I understand this point. I've been a Christian all my life and know the words when Jesus spoke to Thomas "Blessed are they who do not see, and yet believe" We're taught there this is merit in faith without seeing.

Here's the thing:

Somewhere in the wilds of some jungle in the South Pacific, there is some guy named Ubu who believes very confidently that the world was created on the back of a great multi-headed war duck. His father and the witch doctor in his tribe taught him this. He went through an induction ceremony involving sharp sticks and scars when he was 11. He believes that if he keeps less than 3 wives and does not kill at least 2 enemy tribesmen, he will not go on to receive the great infinite prize. Ubu has never seen the multi headed war duck. Ubu will live with that faith, struggle with it from time to time, think other people are unworthy or unchosen because they don't believe it, and die clinging to it.

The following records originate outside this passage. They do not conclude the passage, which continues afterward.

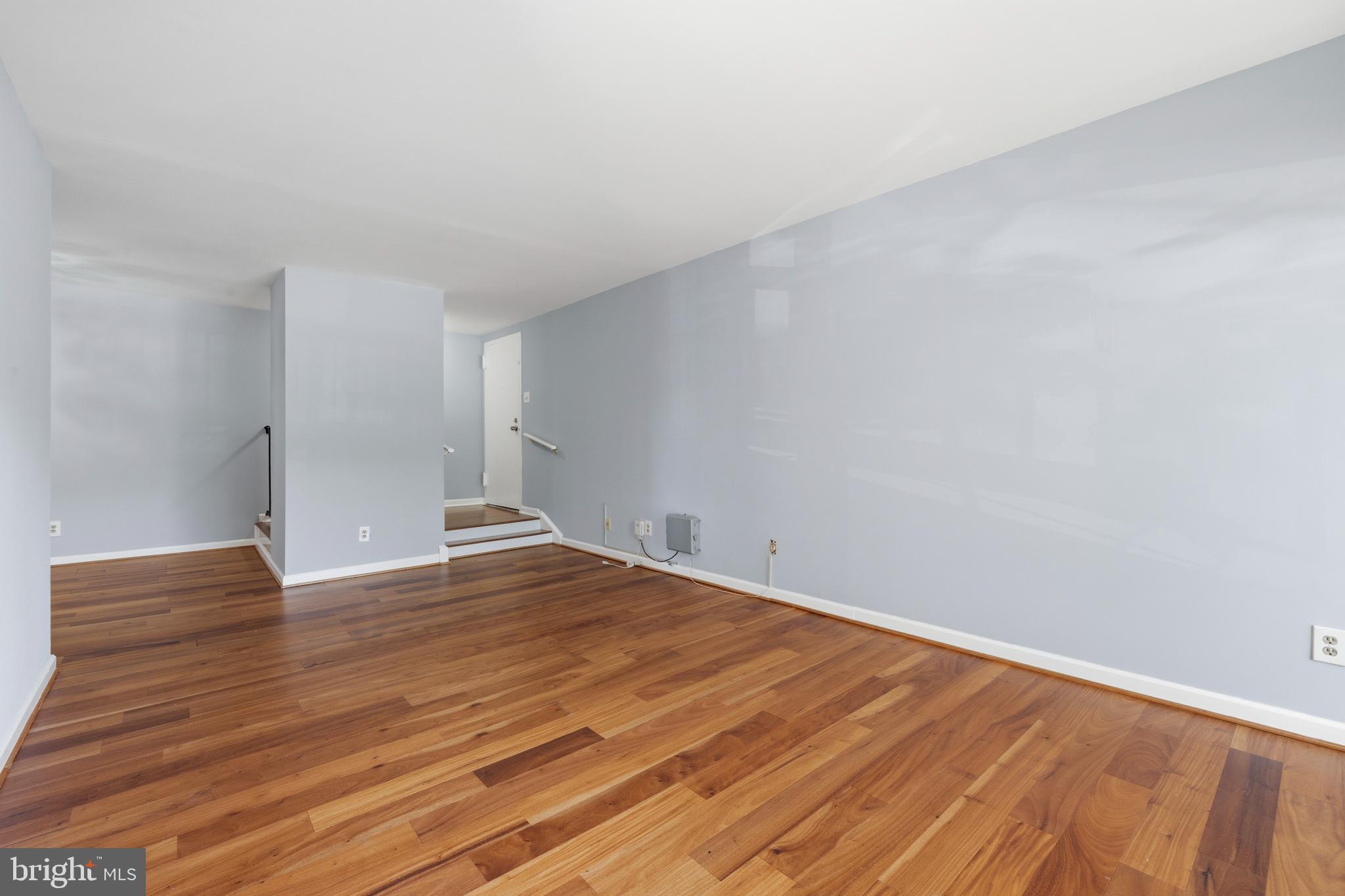 CHERRY GLEN CONDOS - Residential
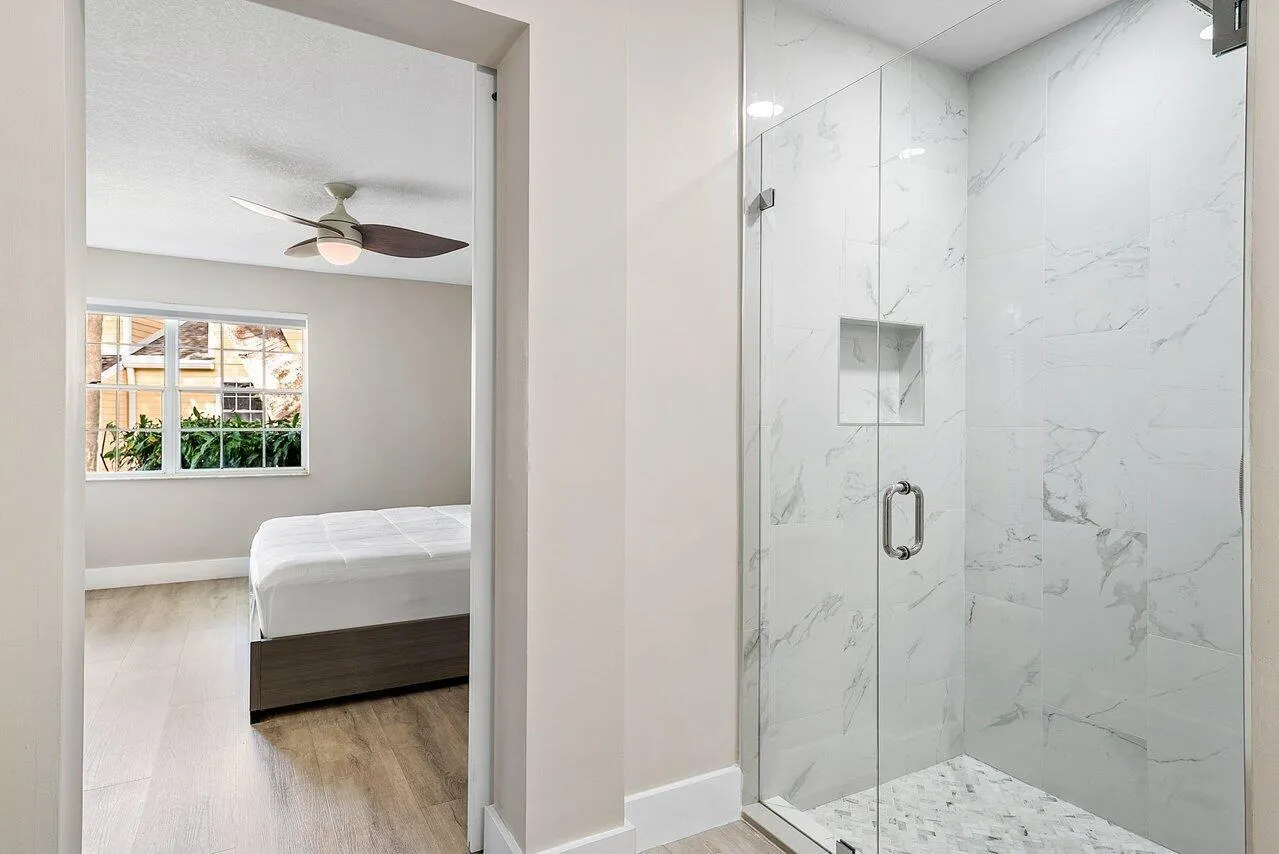 5292 Buckhead Circle, #1030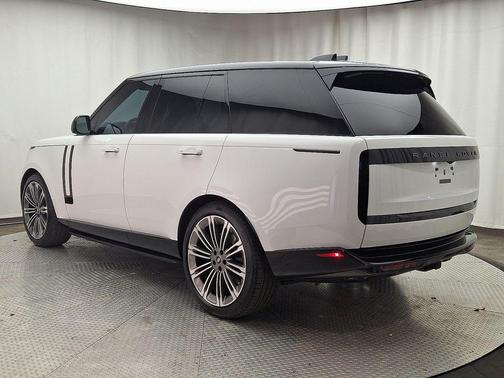 2023 Land Rover Range Rover P530 SE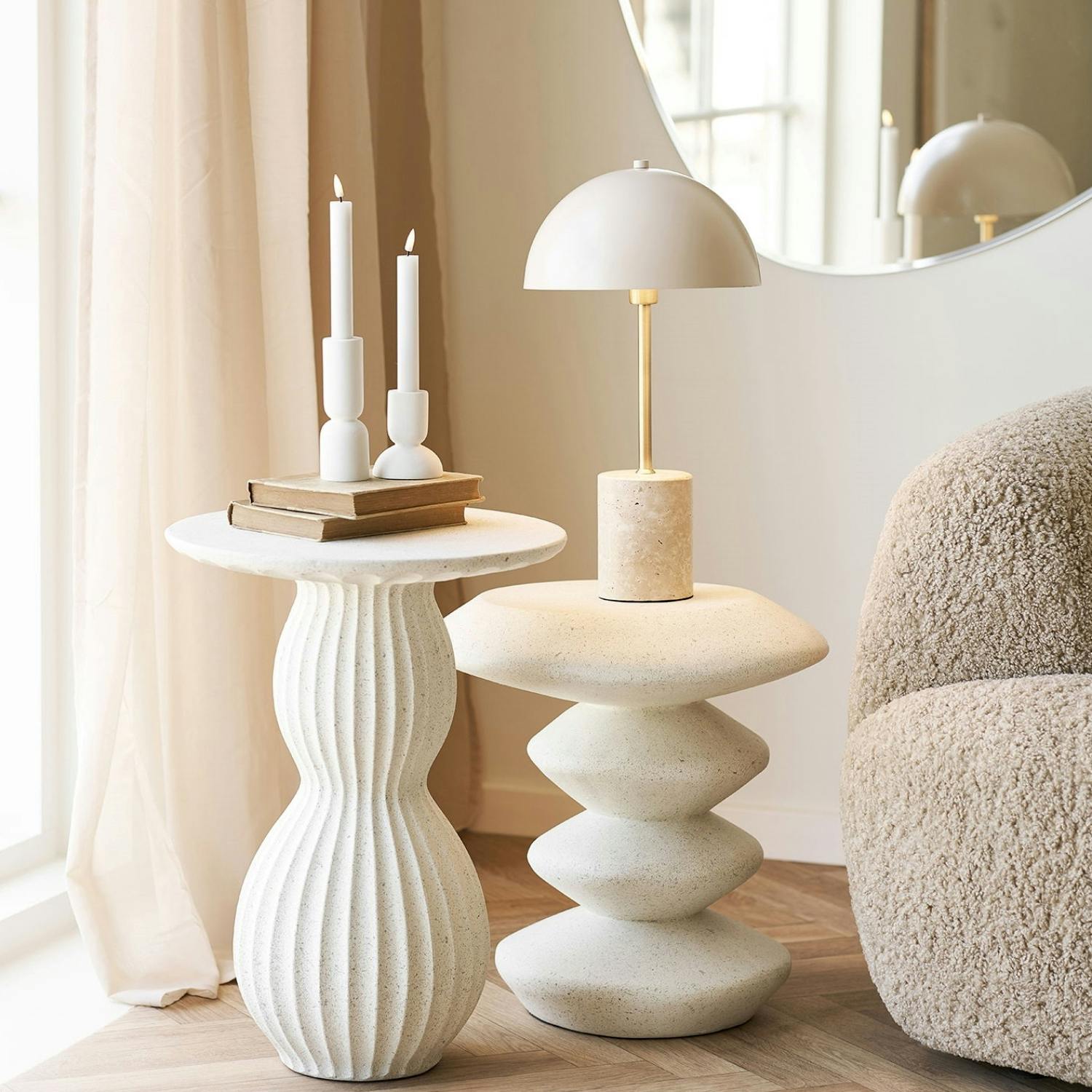 Lampe de table design marbre beige et métal doré KARS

19 young men from another place had a different looking war duck, a god named allah, who with the involvement of Mohammad even wrote a big long book for them to refer to and pray over, and told them to kill people who didn't believe as they did. They hijacked airplanes and killed 3000 of my tribesmen.

My god also has a book, which says some pretty good things, a lot of very scary things, and a lot of weird things. I have to seriously ask myself - what really is the difference between my clinging to my faith and Ubu clinging to his? The faiths are different. Some parts seem better than others. Some parts seem more beautiful than others. The idea of forgiveness certainly is more appealing than your eternal destiny being determined by how many wives you have. But is there a real way beliefs can be compared? Parts of Ubu's faith are more beautiful than mine. If we go a couple of thousand miles to the northwest, we'll find probably the world's most complete, well thought out, and reasonable faith - Hinduism. But they still have a brutal caste system and some very strange elements in their beliefs. Can I really say, in terms other than simply that it is my faith, there there is something of intrinsically greater value about my faith as compared to that of others? I know the right answer to that from my training, but really, seriously, can I say that? Can I really believe that Ubu and I are qualitatively different on an order that carries eternal consequences?

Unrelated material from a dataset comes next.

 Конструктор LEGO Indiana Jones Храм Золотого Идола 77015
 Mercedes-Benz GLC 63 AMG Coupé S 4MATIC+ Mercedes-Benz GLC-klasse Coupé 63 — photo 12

If it were that important, wouldn't it make more sense? In my faith, all goodness, nobility, courage, etc. comes from a single source. Such things are the purpose of the faith. Christianity is all about being made clean from sin and perfection in the person of Christ. Which is more noble and courageous of me in considering the person of Ubu? That he is tragically uninformed and ignorant, doomed to an eternity of hellfire because of where he was born, and who is father and witch doctor were, or that we might be more similar than I would like to admit?

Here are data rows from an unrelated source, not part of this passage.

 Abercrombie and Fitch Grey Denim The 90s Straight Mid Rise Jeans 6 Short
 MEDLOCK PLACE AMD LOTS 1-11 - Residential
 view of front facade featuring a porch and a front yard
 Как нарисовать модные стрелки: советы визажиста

What if Ubu, Mohammed Atta, etc. and I are really doing the same thing? What if we all are meeting the same human need? Why believe? Because I want to walk the streets of gold and bask in the light of god's glory? An infinite reward is an easy choice. All of my other life's experiences to this point suggest that easy choices are unfulfilling and pointless. I can feel myself flee back to my faith, and insist upon believing that those streets of gold really are there and that the war duck isn't, but it feels like I am running away from something. I feel like a baby eagle who has put off learning to fly for one more day. There is comfort, but is that the same thing as significance? It doesn't feel right. If that is the path to enlightenment, why doesn't it feel like it?

If I think that Ubu and I might be the same, it's compassion. I am looking at a strange human living a strange life, and finding common ground between us. If I think about Ubu as being ignorant and damned, that's exclusion and condescension. If my faith is the source of compassion, then how can it be the opposite point of view from compassion?

Then I consider the implications. If Ubu and I are the same, then Jesus is no more real than Ubu's war duck. I am a pitiful speck in an immense and eternal universe, and when I die, I will cease to exist for all time. That's terrifying. I am alone. There are no streets of gold. There will be no reward.

That is scary. Can something not be true just because it is scary?

But if Ubu and I are the same, then I am not alone. I have Ubu. I can learn things from him. He can learn things from me. We can find out a little more about what is meaningful or valuable in the cosmos and pass that knowledge on to those we interact with and to those who follow us. If the goal of my existence is greater compassion in the world, which is a more meaningful afterlife - for my eternally preserved self to experience a forever of personal comfort in a heavenly paradise, or for people to actually be more compassionate to each other after I am gone? Which choice is more noble? Which is more meaningful? It seems that if we can commit ourselves to real compassion, nobility, goodness, etc, then the most important parts of us really do live forever. If, that is, we truly think those parts are important. As I consider that, I find myself confronting real courage, real compassion, real hope, and the world really does become a better place.

An interesting problem, wouldn't you say?

User Journal

Journal Journal: Movie review - The Descent 1

In short, it sucked.

It was scary. The backdrop element of claustrophobic caving combined with the core terror element was effective at generating fear. that about wraps up the good news.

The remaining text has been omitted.